What to Look Forward To
On Tuesday, the international trade report for October is set to be released. Economists expect to see the trade deficit decline sharply. Their forecasts call for the trade deficit to narrow from $80.9 billion in September to $66.8 billion in October. If the estimates prove accurate, this report would mark the smallest monthly deficit since April. The advanced report on the trade of goods in October, which was previously released, showed a notable decline in the deficit for this segment. Exports of goods surged by 10.7 percent in October, while imports saw a 0.5 percent rise. Throughout 2021, the uneven pace of the global economic recovery and the high levels of domestic consumer demand caused the monthly trade deficit to increase notably, so the anticipated narrowing in October is a good sign. We may be starting to see a normalization of international trade, which could support faster overall economic growth to finish out the year.
Friday will see the release of the Consumer Price Index for November. The forecasts are for consumer prices to increase by 0.6 percent during the month, in a step down from October’s 0.9 percent gain. On a year-over-year basis, consumer inflation is expected to rise from 6.2 percent in October to 6.7 percent in November. If estimates hold, this report would mark the highest level of year-over-year headline consumer inflation since 1982. Economists expect core consumer prices, which exclude volatile food and energy prices, to go up by 0.5 percent for the month and 4.9 percent year-over-year. Throughout the year, consumer prices have been pressured by pent-up consumer demand and low supplies due to tangled global supply chains and depleted business inventories. Looking forward, relatively high levels of consumer inflation are likely to continue. In the short term, however, falling energy prices may mitigate consumer price pressure in December.
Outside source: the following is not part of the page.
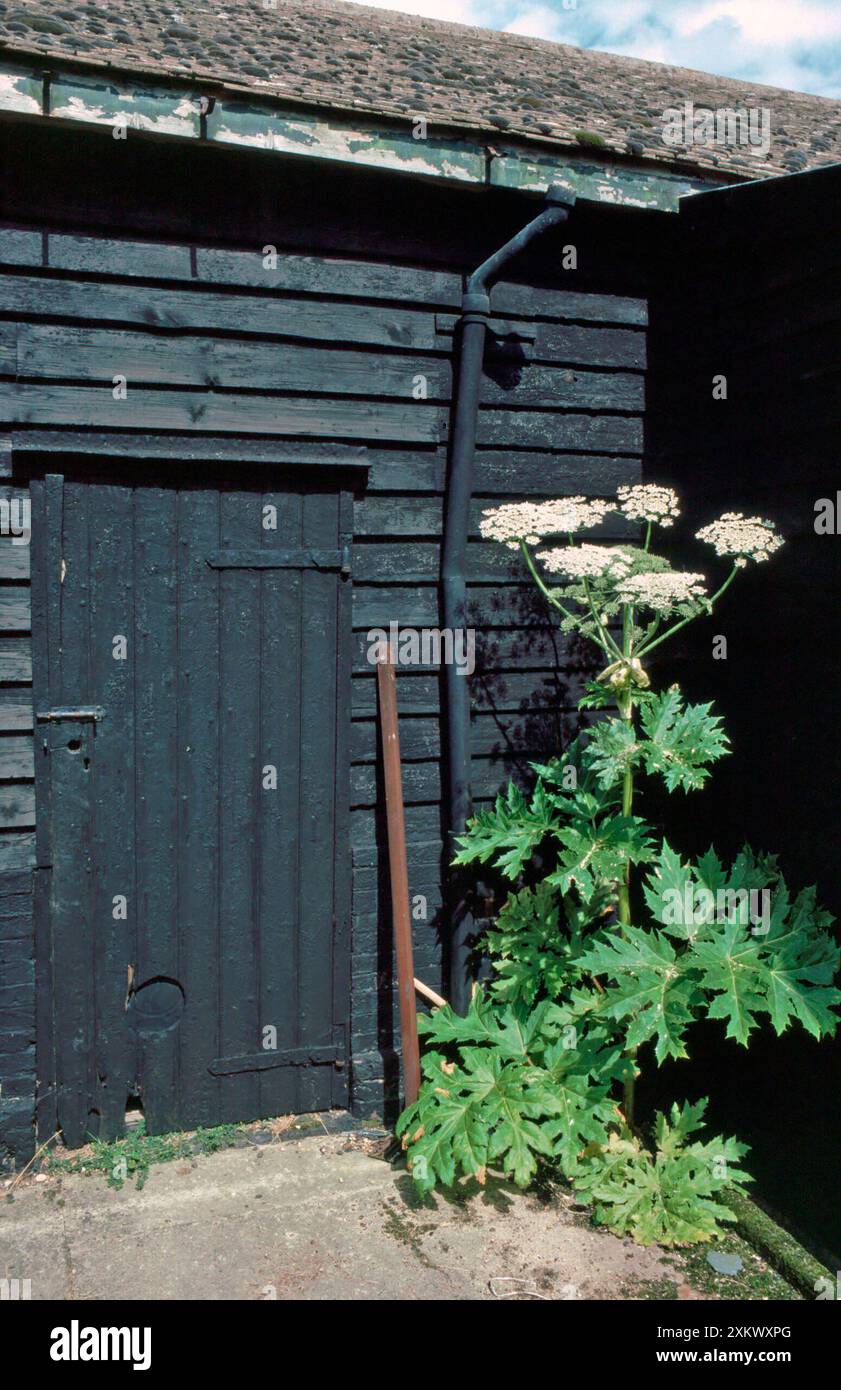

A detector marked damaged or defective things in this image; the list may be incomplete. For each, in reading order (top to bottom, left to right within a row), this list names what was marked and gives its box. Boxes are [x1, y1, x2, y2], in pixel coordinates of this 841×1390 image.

peeling green paint [0, 60, 720, 209]
rusty metal rod [378, 660, 420, 1112]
Friday will also see the release of the preliminary estimate for the University of Michigan consumer sentiment survey for December. Sentiment is expected to improve modestly, with the index set to increase from 67.4 in November to 68 in December. November’s sentiment report marked the lowest level for the index since 2011, so any improvement would be welcome. Still, sentiment is expected to remain well below the 2021 high of 88.3 recorded in April. The challenges to consumer sentiment have grown this year. Consumer concerns over rising prices have caused the index to plummet to well below levels seen in April 2020, when the initial lockdowns were implemented. Over the past few months, there has been a divergence between the University of Michigan consumer sentiment survey and the Conference Board Consumer Confidence Index. The former report is more highly affected by consumer views on inflation, while the latter report focuses on the health of the labor market. Both reports do, however, point to continued consumer unease, which should be monitored in the months ahead.
That’s it for this week—thanks for reading!